Saturday, 7 December 2013

Back after centuries of neglect


It has come racing back to life after aeons of neglect, delighting the faithful and drawing thousands of website hits… Alas I'm not talking about this blog - though it has indeed been shamefully neglected this autumn - but rather a spectacular medieval wall painting which is in the news this week after its breath-taking rediscovery at a church in Glamorgan.

The church is St Cadog's in the little village of Llancarfan, south Wales. I wrote about it in my book on Britain's holy places, even though the restoration work had only been fragmentary at the time of my visit in August 2010, revealing a few faces and a queen with a lamb on a leash. The painstaking cleaning work has revealed the largest known mural of the life of St George to be found anywhere in Britain, and restorers have recently removed the scaffolding to allow visitors a proper look.

It might make me sounds like a nerd, but I have to admit I did often wonder about what more was lying hidden under centuries of whitewash in this seemingly modest little church, with its short tower and sparse parish. The BBC News item linked above offers a long look at the central figure of St George on his horse attacking the mythical dragon, something that was impossible to make out when I visited from the scattered patches of brushstrokes that had then been revealed.

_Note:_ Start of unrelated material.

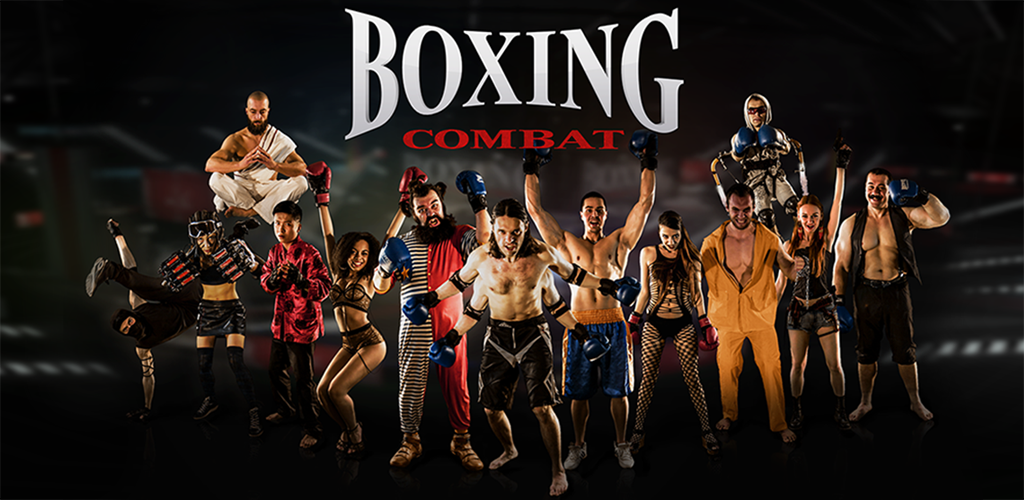 Banner of Boxing Combat 1.22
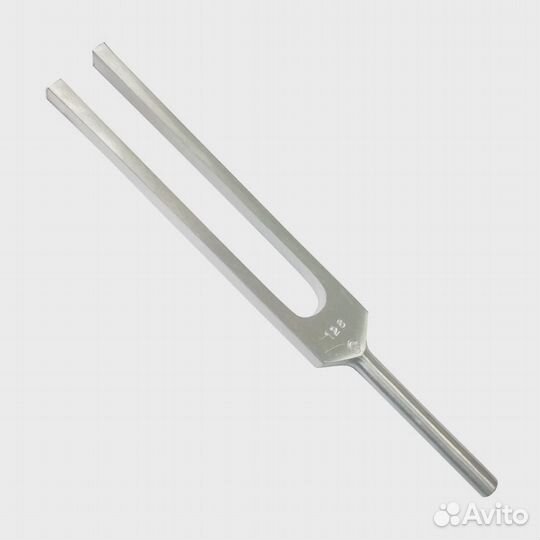 Камертон диагностический на 128 гц в Екатеринбруге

Some tales and some places linger in the memory. The rediscovery of such a vast work of forgotten devotional art in the past five years is without recent precedent. It was only the presence of a thin red line of paint high up on the wall that alerted the experts to the existence of this magnificent and extensive treasury of medieval art.

It is an irony perhaps that St George is likely to be one of the least popular subjects to adorn the walls of a Welsh church, given his close identification with the English monarchy, and in particular with the knights of the realm. And yet there he sits on a magnificent horse, shown in lingering detail on the BBC News piece.

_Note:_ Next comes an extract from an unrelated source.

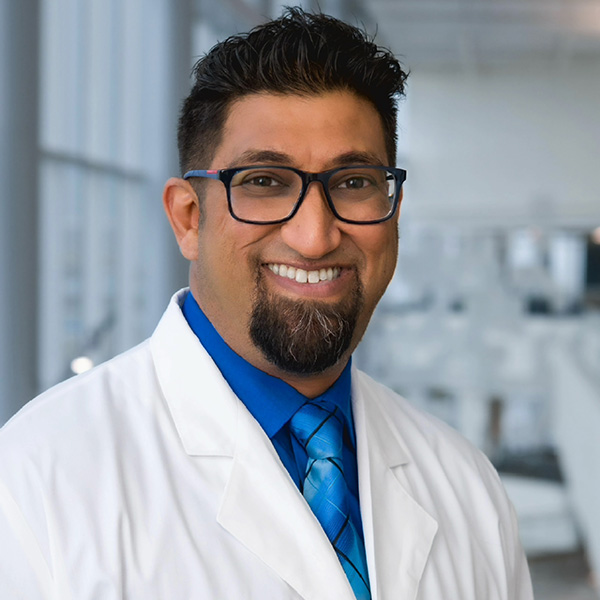 Praveen Srungaram, M.D.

We considered visiting this little church for a follow-up television series to our BBC Four series Pagans & Pilgrims. It is a building that vividly demonstrates the interplay of patriotism and religion in the medieval mind, and also possibly the finest Welsh wall paintings yet to be uncovered in any church.

So far our second series has not been commissioned, despite the success of the original. Even so BBC Four seems to have picked up a habit of making programmes about holy places and our country's amazing religious heritage, with two other series also broadcast this autumn: Cathedrals, which looked at the inspiring people who work at my own mother church in Southwark, and Pilgrimage with Simon Reeve, a new series which seems to be showing a spiritual journey from the point of view of a benevolent but disengaged non-believer. Something for everyone there perhaps.